Tous les candidats, à Strasbourg comme à Luxembourg, doivent réunir les conditions requises « pour l’exercice de hautes fonctions judiciaires ». À défaut, ils peuvent être « des jurisconsultes » possédant « une compétence notoire ». Une disposition fourre- tout. Mais la procédure de nomination est beaucoup plus complexe à Strasbourg. Panel, commission parlementaire, vote à l’assemblée parlementaire, ces instances permettent de choisir parmi un des trois candidats présentés par un pays. Pour le juge de Luxembourg, le seul « barrage » est un comité européen de juges et d’anciens juges aux critères de sélection assez vagues, ce qui lui est reproché. À Strasbourg, le mandat d’un juge est de neuf ans, non renouvelable, gage d’indépendance, précise-t-on. À Luxembourg, il est de six ans, renouvelable. Jusqu’en 2009, les juges de Strasbourg recevaient une somme globale et payaient eux-mêmes leurs cotisations sociales et leur retraite. Il était difficile de ne pas aligner leur statut sur celui des juges de l’UE. Qu’en est-il vraiment ?

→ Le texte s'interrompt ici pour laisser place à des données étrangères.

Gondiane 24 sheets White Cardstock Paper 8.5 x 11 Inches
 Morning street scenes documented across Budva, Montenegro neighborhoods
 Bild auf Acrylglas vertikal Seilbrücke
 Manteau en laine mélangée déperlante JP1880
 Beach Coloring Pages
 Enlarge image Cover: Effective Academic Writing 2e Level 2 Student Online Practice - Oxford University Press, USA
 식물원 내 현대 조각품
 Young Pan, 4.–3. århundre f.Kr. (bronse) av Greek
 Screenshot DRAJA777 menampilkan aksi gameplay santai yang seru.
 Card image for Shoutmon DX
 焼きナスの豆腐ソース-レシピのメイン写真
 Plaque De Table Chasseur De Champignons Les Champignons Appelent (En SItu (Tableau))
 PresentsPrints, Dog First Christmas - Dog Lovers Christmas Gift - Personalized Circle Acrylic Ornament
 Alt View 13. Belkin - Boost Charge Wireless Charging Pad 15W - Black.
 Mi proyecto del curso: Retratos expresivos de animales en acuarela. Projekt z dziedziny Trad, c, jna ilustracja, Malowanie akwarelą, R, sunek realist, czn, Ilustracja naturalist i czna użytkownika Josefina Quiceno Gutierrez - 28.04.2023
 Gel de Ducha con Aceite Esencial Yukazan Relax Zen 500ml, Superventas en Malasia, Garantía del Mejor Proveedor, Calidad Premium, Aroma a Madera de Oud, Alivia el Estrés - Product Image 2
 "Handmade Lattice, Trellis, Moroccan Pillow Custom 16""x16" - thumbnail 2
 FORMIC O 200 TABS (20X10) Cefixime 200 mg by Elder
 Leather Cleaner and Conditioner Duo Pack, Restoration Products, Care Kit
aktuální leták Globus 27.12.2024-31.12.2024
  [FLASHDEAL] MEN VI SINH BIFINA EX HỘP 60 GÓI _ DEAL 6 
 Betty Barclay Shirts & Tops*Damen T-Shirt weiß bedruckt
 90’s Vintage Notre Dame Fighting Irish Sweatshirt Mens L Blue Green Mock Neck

À Strasbourg, un juge reçoit une rémunération égale à celle du fonctionnaire du Conseil de l’Europe le plus gradé soit 16 255,92 euros avec une prime dite de dépaysement correspondant à 12,5 pour cent de cette somme. Même système à Luxembourg, mais plus favorable. Le fonctionnaire européen le mieux payé dans l’UE touche 20 768,57 euros. Et les juges de la cour perçoivent 112,5 pour cent de cette somme, ceux du tribunal, 104 pour cent… et le président 138 pour cent. S’ajoute à ce montant la « prime de résidence », ex-prime de dépaysement, qui est de quinze pour cent de leur traitement de base. À Strasbourg, comme à Luxembourg les juges cotisent à la sécurité sociale de leur institution mais le régime de retraite est différent. A Strasbourg ils peuvent choisir : cotiser à la caisse du Conseil de l’Europe ou rester dans leur régime national. Les juges de Luxembourg bénéficient d’un plan de retraite généreux de l’UE, sans cotiser. Cadeau du contribuable. Côté indemnités, le président de la CEDH a droit à une prime annuelle de 13 885 euros, les vice-présidents et les présidents des sections, à la moitié. À Luxembourg, la prime de représentation, mensuelle, est de 607 euros pour les juges, et plus du double pour le président. Les président de chambres perçoivent une indemnité mensuelle de fonction de 810,74 euros à la Cour et de 730,47 euros au Tribunal.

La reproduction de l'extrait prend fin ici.